Through the joint EU financing initiative established in 2009 – which provides grants, loans and technical assistance to support large-scale infrastructure projects in the Western Balkans – the European Commission has provided the vast majority of the funding earmarked for extending the EU’s core trans-European transport network across the region. National public authorities, agencies and companies are responsible for procuring, contracting and implementing projects under the supervision of the European Bank for Reconstruction and Development (EBRD), the European Investment Bank (EIB) and the World Bank.
A number of shortcomings are delaying the impact of the funds allocated, the EU financial watchdog warns in the report. The assessment, based on an analysis of 12 transport projects in Bosnia and Herzegovina, Kosovo, North Macedonia and Serbia between 2015 and June 2025, highlights weaknesses in project selection, implementation oversight, and monitoring and reporting arrangements.
Where the problems lie
On transport project selection, the ECA highlights that, although addressing connectivity needs, “they often start late.” In particular, shortcomings in project maturity have contributed to “significant” implementation delays. The Commission was “only partially effective at ensuring adequate supervision” and at setting up “effective” monitoring and reporting arrangements.
“Until 2022, the Commission did not focus sufficiently on selecting sustainable transport projects that help to reduce greenhouse gas emissions,” the analysis reads. Furthermore, it did not pay “sufficient attention” to the maturity of project applications, namely when its preparatory work is completed and up to date. “As a result, projects typically started with a 17-month delay.”
On implementation oversight, the Commission relies on the supervision of financial institutions, which is “sometimes inadequate.” Although it remains ultimately responsible for implementing the EU budget, it did not require evidence of their supervision or mitigation of implementation risks, nor was it able to identify shortcomings, the ECA report highlights.
Furthermore, shortcomings in monitoring and reporting arrangements include a lack of effective procedures not only to assess delays, but also to ensure “sustainability and EU visibility.” More specifically, annual implementation reports from financial institutions are “often not sufficiently detailed or up to date” to enable the Commission to address the reasons for “significant” delays – of more than two years in some cases – and to prevent the transfer of amounts exceeding those warranted by the financial and physical progress of projects.
By not gathering information on the degree of completion of the corridors it was funding or on whether transport networks complied with EU standards, the Commission is “not able to measure the specific effects” of WBIF funding.

Recommendations for Western Balkans integration
The ECA report outlines four recommendations for the European Commission, aiming for a 2027 implementation date to integrate the Western Balkans into the core EU TEN-T network.

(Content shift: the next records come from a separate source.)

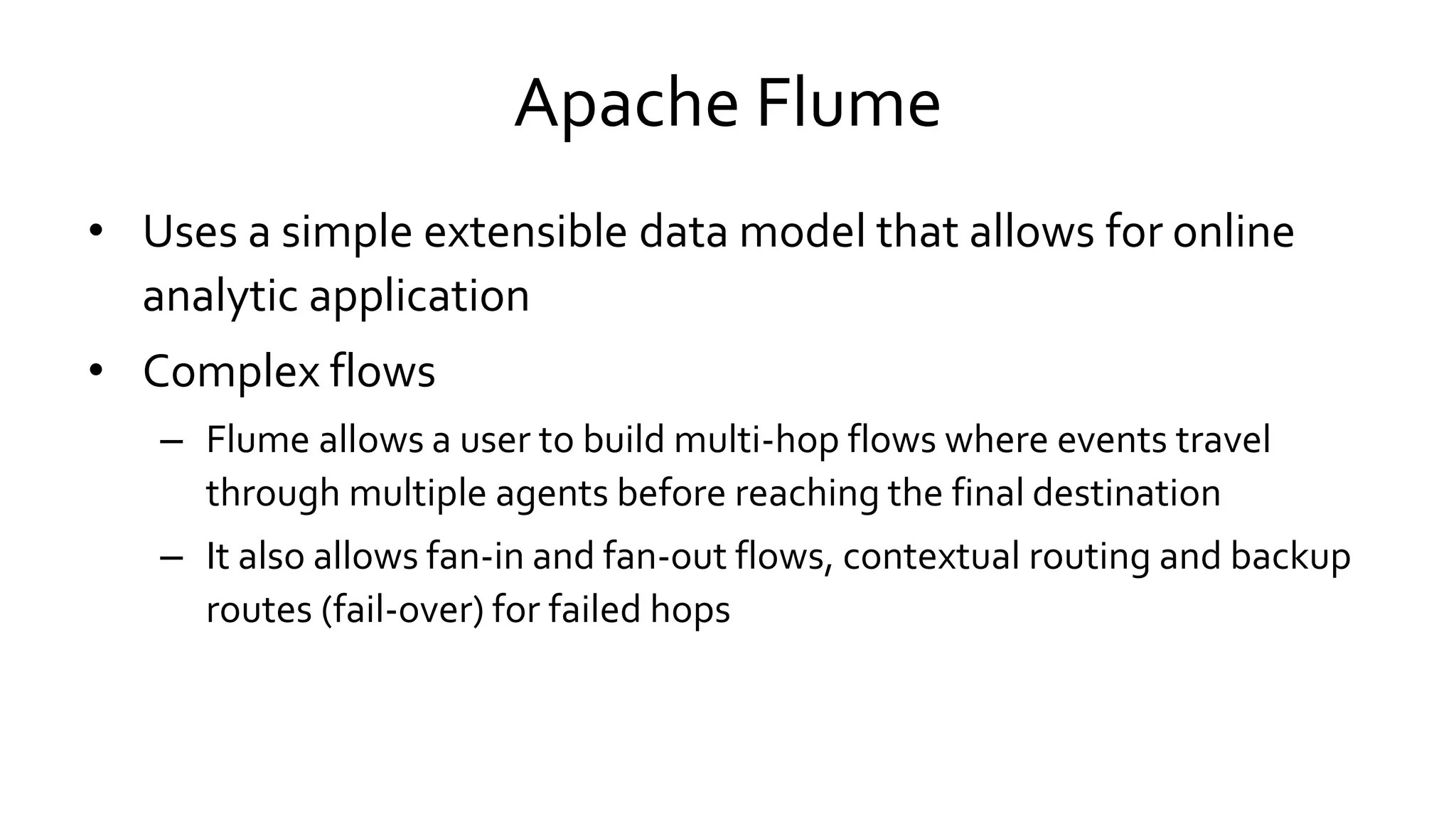 Apache Flume
• Uses a simple extensible data model that allows for online
analytic application
• Complex flows
– Flume allows a user to build multi-hop flows where events travel
through multiple agents before reaching the final destination
– It also allows fan-in and fan-out flows, contextual routing and backup
routes (fail-over) for failed hops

First, to “select only mature projects,” meaning only those where project developers can demonstrate that preparatory work is complete and up to date. This would allow projects to start in a timely manner after the grant has been approved.

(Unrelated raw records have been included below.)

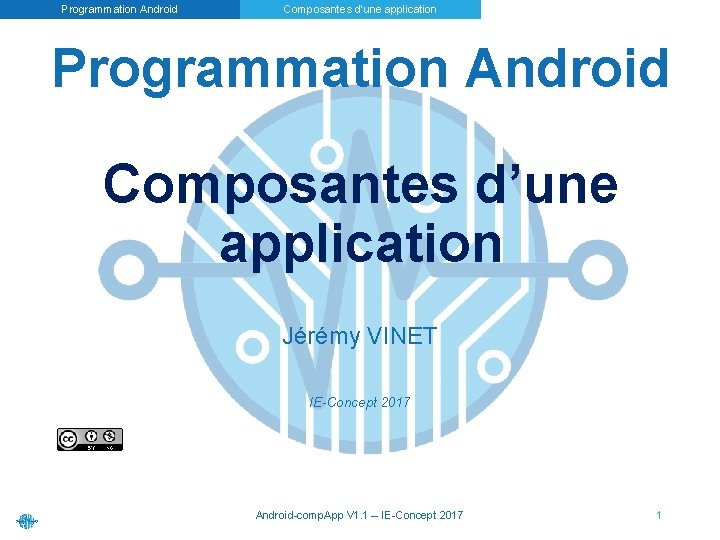 Programmation Android Composantes d’une application Jérémy VINET IE-Concept 2017 Android-comp. App V 1. 1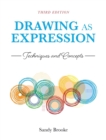 Drawing as Expression : Techniques and Concepts - Book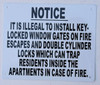 IT IS ILLEGAL TO INSTALL KEY- LOCKED WINDOW GATES ON FIRE ESCAPES  SIGNAGE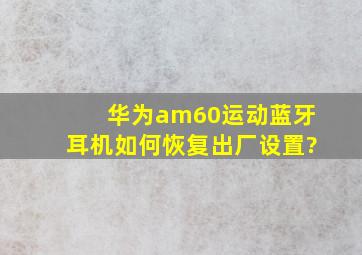 华为am60运动蓝牙耳机如何恢复出厂设置?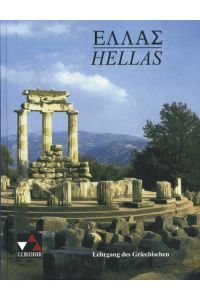 Hellas, Lehrbuch: Genehmigt in Baden-Württemberg, Bayern, Berlin, Hamburg, Niedersachsen, Nordrhein-Westfalen, Rheinland-Pfalz u. Sachsen-Anhalt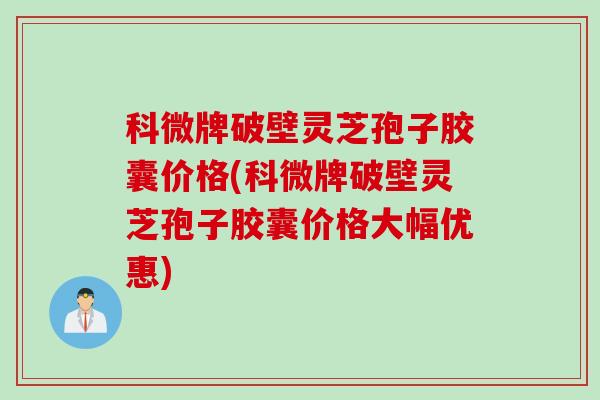 科微牌破壁灵芝孢子胶囊价格(科微牌破壁灵芝孢子胶囊价格大幅优惠)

Second, to “obtain evidence from financial institutions,” in particular regarding their assessment of implementation risks such as insufficient project developer capacity, conflict of interest, or lack of beneficiary and national ownership, as well as proposed mitigating measures when an application is submitted.

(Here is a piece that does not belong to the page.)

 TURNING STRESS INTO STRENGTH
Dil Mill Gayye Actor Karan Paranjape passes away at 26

Third, to “improve the monitoring of project implementation” by receiving up-to-date and relevant information on financial and physical progress. This includes requiring financial institutions to report updated total incurred costs and grant amounts paid to the beneficiary at least twice a year, and enhancing reporting by including indicators that measure the degree of completeness and compliance with EU standards.
Fourth, to “enhance the sustainability of project results and EU visibility.” For this purpose, WBIF-funded grant applications should include adequate sustainability measures – such as maintenance arrangements and funding – as well as specific visibility activities promoting the contribution of EU grants.